Apenas no primeiro semestre de 2025, a América Latina foi alvo de 374 bilhões de tentativas de ataques cibernéticos, segundo o relatório Cenário Global de Ameaças da FortiGuard Labs, o laboratório de inteligência da Fortinet. O Brasil concentrou 315 bilhões (84%), liderando o ranking, seguido por México (10,8%), Colômbia (1,89%) e Chile (0,1%). 

Diversos estudos mostram que o Brasil não apenas lidera, mas também apresenta um crescimento acentuado no número de ataques cibernéticos na América Latina. Segundo o Relatório de Inteligência de Ameaças, da NetScout, no primeiro semestre de 2025, o país sofreu mais de 550 mil ataques de Negação de Serviço Distribuído (DDoS), representando um aumento de 55% em comparação com o segundo semestre de 2024.

Um ataque de negação de serviço é uma tentativa maliciosa de tornar um sistema, rede ou serviço indisponível para os seus utilizadores legítimos, sobrecarregando-o com tráfego ou solicitações inválidas. Quando o ataque é realizado por múltiplos dispositivos simultaneamente, é chamado de ataque de negação de serviço distribuído, que usa uma rede de computadores comprometidos (botnet) para inundar o alvo.

O objetivo não é roubar dados, mas sim interromper o funcionamento do serviço, causando indisponibilidade, perda de receita e danos à reputação da organização visada.

Kleber Carriello, engenheiro e consultor sênior da NetScout Brasil, afirma que o crescimento dos ataques DDoS no Brasil acompanha uma tendência global, mas com algumas particularidades locais.
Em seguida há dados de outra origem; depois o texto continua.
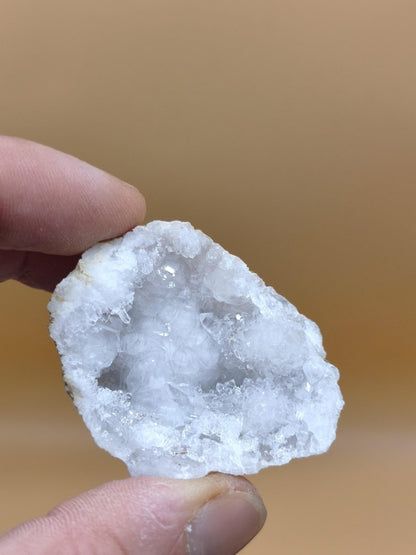 Weiße Calcit-Geode Ei Zweiteilige Kristallgeode mit glitzernder Kristallhöhle Mineralien Kristall Deko Geschenk Haus Wohnen Energie Unikat - Art of Nature Berlin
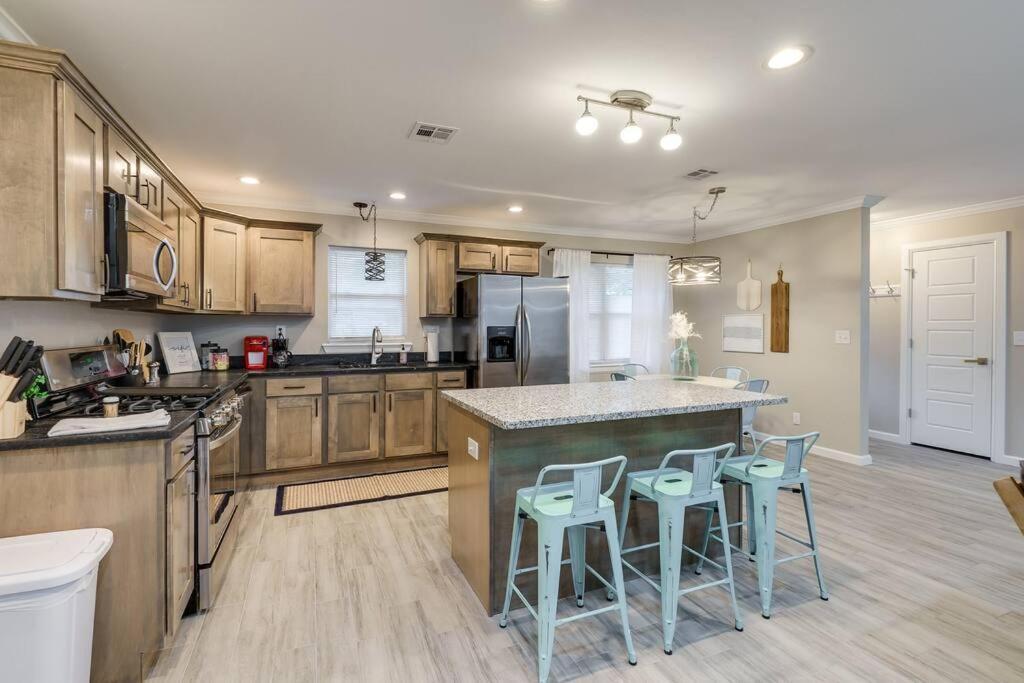 3 Bedroom Newly Remodeled With Farm Style Decor Oklahoma City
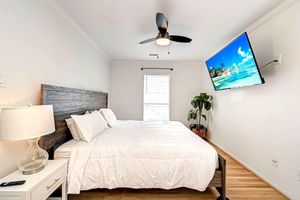 Alquiler Vacacional - 1714 Fairview 1KING/1BA Top Apt Duplex Pets Ok!
10 FURNISED APARTMENTS ON-SITE.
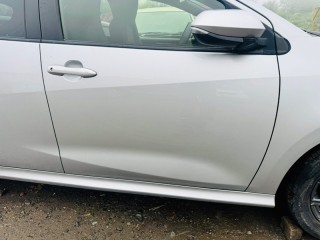 дверь боковая, ориг. номер 5803, 67001K0010, TOYOTA YARIS 2017-2020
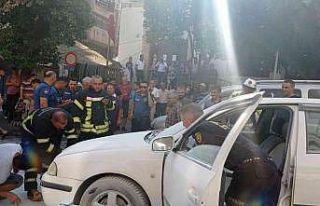 Esnaf, güvenlik görevlisi, polis el ele verdi, otomobildeki...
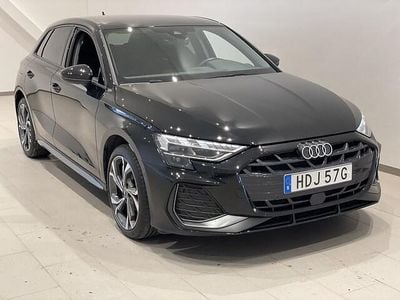 Mytsvart metallic Begagnad 2024 Audi A3 S-Line Sedan | 294 900 kr (Marknadspris)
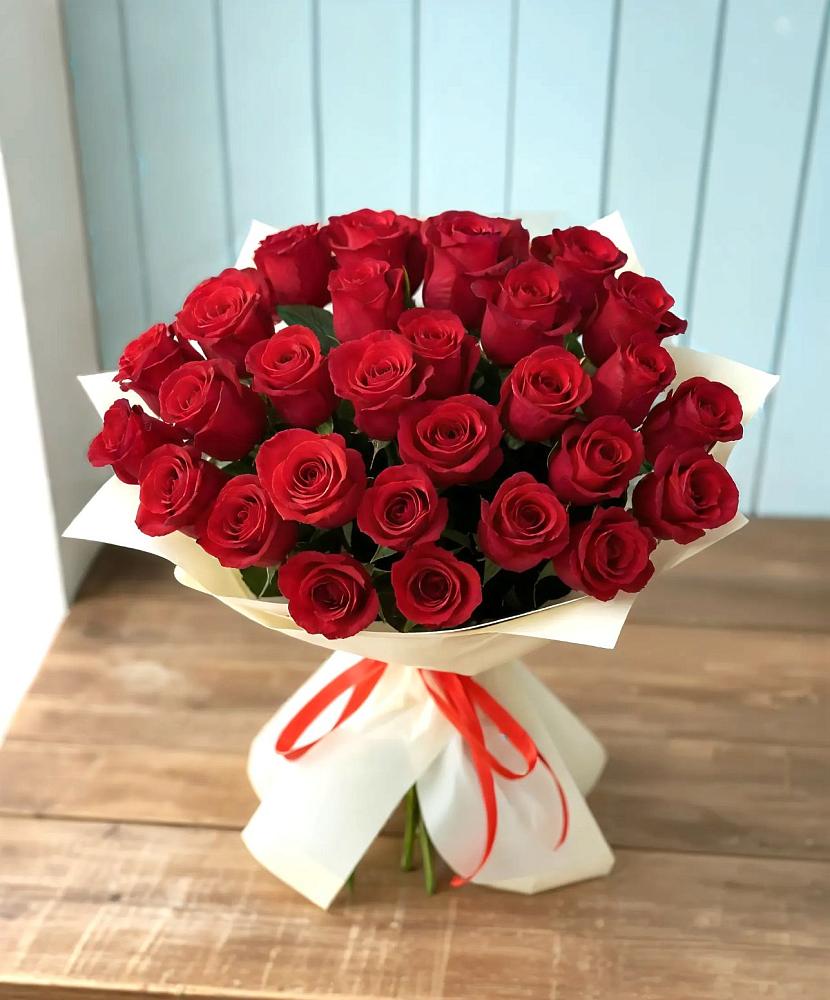Букет 29 Красных роз в Посёлок центральной усадьбы совхоза Мир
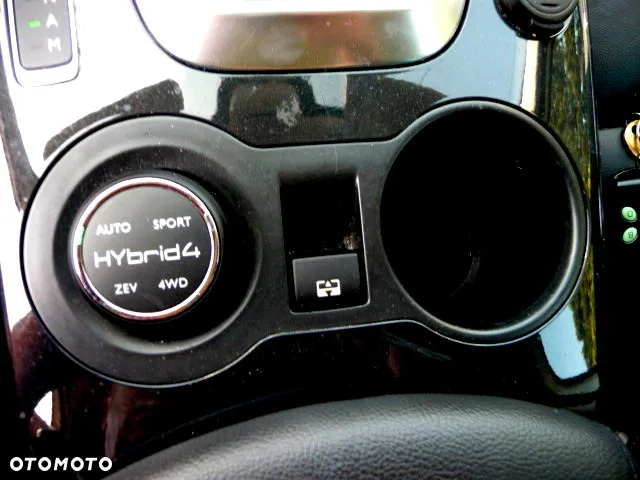 Peugeot 3008 2.0 HYbrid4 - 16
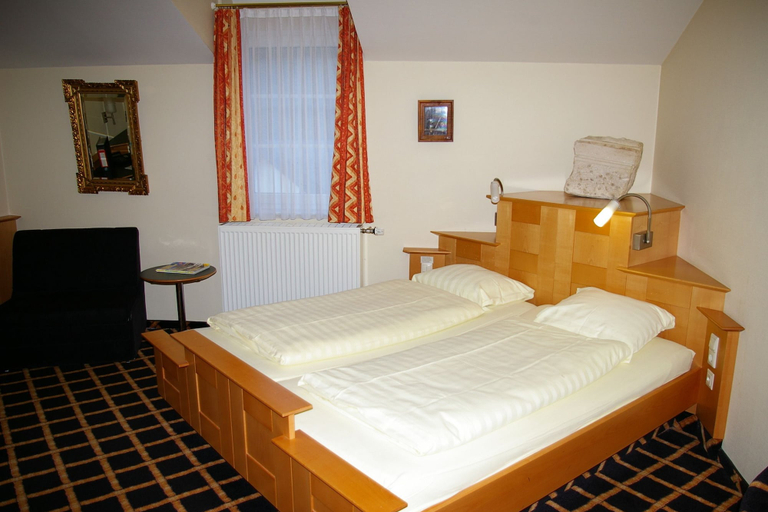 Bedroom 2, Gourmet & Relax Hotel De La Sure, Wiltz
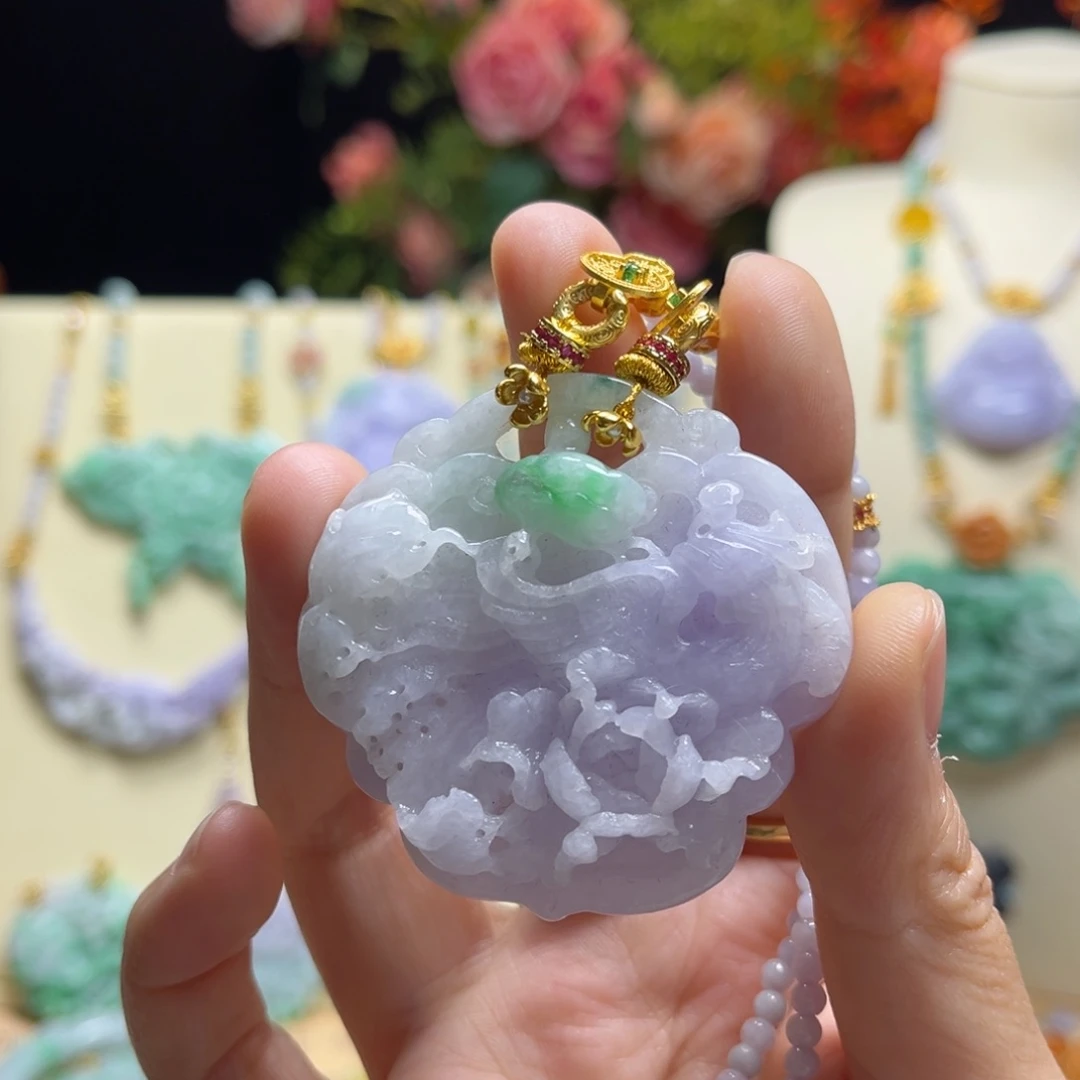 翡翠颈饰未镶嵌天然翡翠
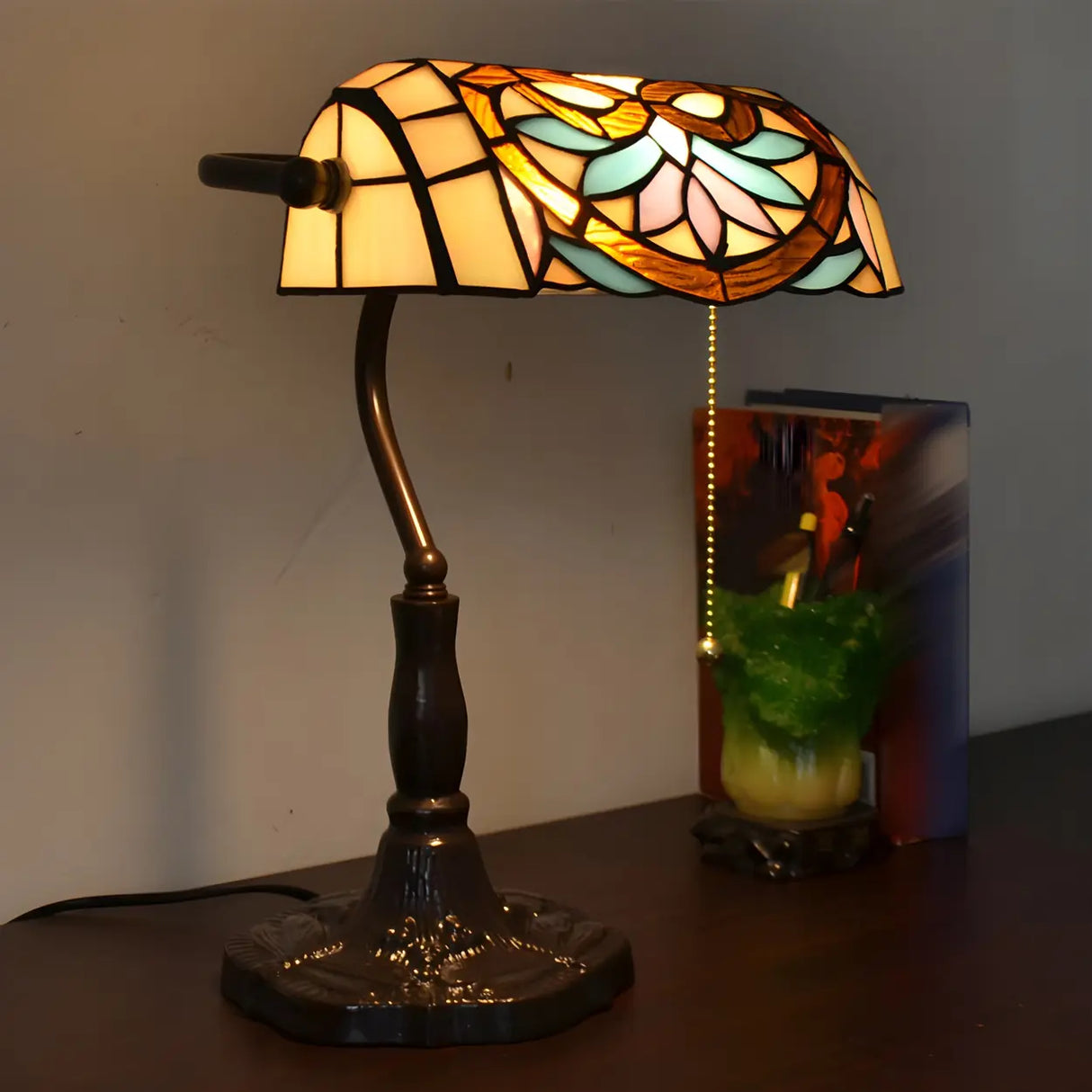Classic Tiffany Style Banker Stained Glass Table Lamp Image - 9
Ele atribui esse aumento a três fatores principais.

O primeiro é a maior digitalização de serviços críticos no país, como bancos, e-commerce, saúde e governo, que ampliam a superfície de ataque e tornam esses alvos mais atrativos. O segundo é a facilidade de acesso a ferramentas automatizadas — hoje, qualquer pessoa pode contratar ou até mesmo baixar kits de ataque, muitos deles baseados em botnets IoT, a custos baixos ou até gratuitamente. O terceiro é a motivação, que vai desde o cibercrime puramente financeiro até ações de hacktivismo, frequentemente ligadas a temas políticos ou sociais no cenário brasileiro, aponta Kleber Carriello.

Entre os principais alvos, segundo a pesquisa da NetScout, estão as operadoras de telecomunicações móveis (170.637 ataques), seguidas por provedores de infraestrutura de computação e hospedagem web (32.817 ataques) e outras empresas de telecomunicações. O setor bancário comercial também figura entre os cinco mais atacados.

Carriello explica que a NetScout não divulga estatísticas no nível estadual. Segundo ele, os dados são agregados por país e por vetor de ataque. Para análises locais mais detalhadas, usamos telemetria de clientes e operadoras, mas esses dados são tratados de forma confidencial”, diz o especialista.

Globalmente, o cenário também é de alta atividade. A NetScout monitorou mais de 8 milhões de ataques DDoS em todo o mundo no primeiro semestre de 2025. De acordo com especialistas, os ataques DDoS evoluíram para armas de influência geopolítica de alta precisão, capazes de desestabilizar infraestruturas críticas, como ocorreu nos aeroportos da Europa.

Outra pesquisa, o Cost of a Data Breach (CODB), feita pela International Business Machines Corporation (IBM), mostra que os vazamentos de dados estão cada vez mais crescentes no Brasil, com 24 vezes mais casos em 2024 em comparação aos anos anteriores. O país, que está no top 10 mundial dos que mais sofrem com a prática, atingiu um custo médio de R$ 7,19 milhões por cada violação de dados em 2025.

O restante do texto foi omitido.